Japa
- Pronunciation: /dʒæpə/
- Origin: Yoruba language
- Meaning: To escape, flee, or disappear quickly

= Japa (slang) =

Nigerian slang

Japa (/jɑːkpə/) is a Yoruba language word used as a Nigerian slang term that has gained widespread usage among Nigerian youths. The term is used to describe the act of escaping, fleeing, or disappearing quickly from a situation, often in a hasty and urgent manner. It is a combination of two words to form a word, Já means (break), Pa means (away).

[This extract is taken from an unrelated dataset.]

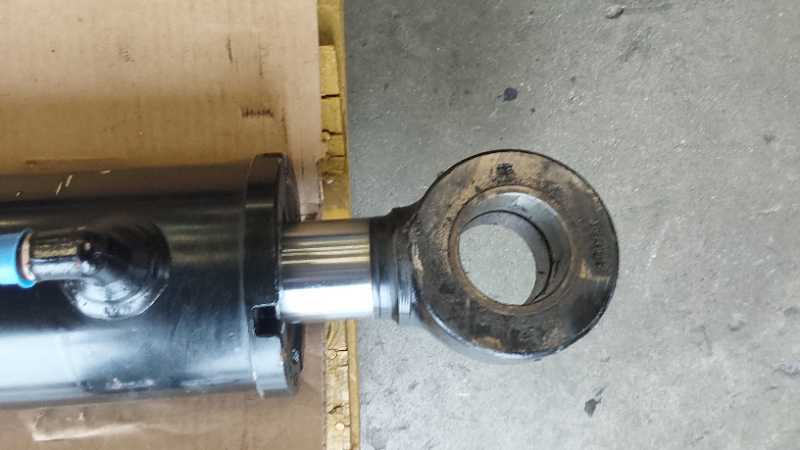 2107082 - CYL GP-012 fits CATERPILLAR | Price: $3,047 Stock: Indiana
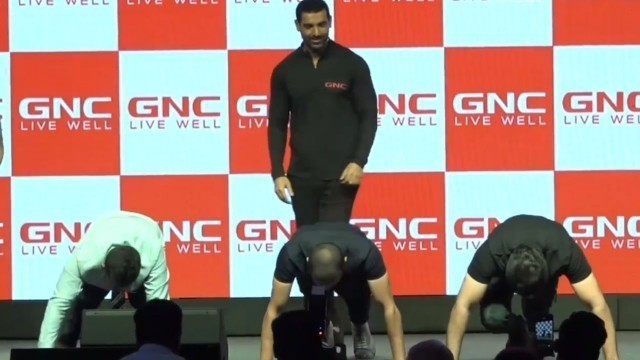 'Bollywood Hunk John Abraham Judging A Push up contest! Gives Fitness Advice'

Japa also refers to emigrating from one’s home country, often Nigeria, to a more developed nation in pursuit of better opportunities and a higher quality of life, commonly described as seeking "greener pastures."

== Etymology ==
The term Japa was originated from the Yoruba language, one of the major languages spoken in Nigeria. In Yoruba, Japa loosely translates to "run away" or "escape." Over time, the term found its way into Nigerian slang and has become a colloquial expression used to convey the idea of swift and evasive action. It was popularized in 2020 after Naira Marley, a Nigeria singer, released his single titled "Japa".

== Usage ==
The term Japa is commonly used in various contexts to describe a rapid departure from a place, situation, or circumstance. It is often employed humorously and is prevalent in discussions related to avoiding trouble, danger, or undesirable encounters. The usage of "Japa" reflects the resourcefulness and adaptability of Nigerian youth in navigating challenging situations.

== Cultural impact ==
Japa has become a notable element of Nigerian pop culture, frequently appearing in music lyrics, movies, and social media conversations. The term's popularity has extended beyond Nigeria's borders, with Nigerian diaspora communities also adopting it as part of their linguistic repertoire.

== Examples ==
- "I heard the party got raided by the police, so we all had to japa before they got there."
- "The traffic was so bad that I decided to japa and take a different route."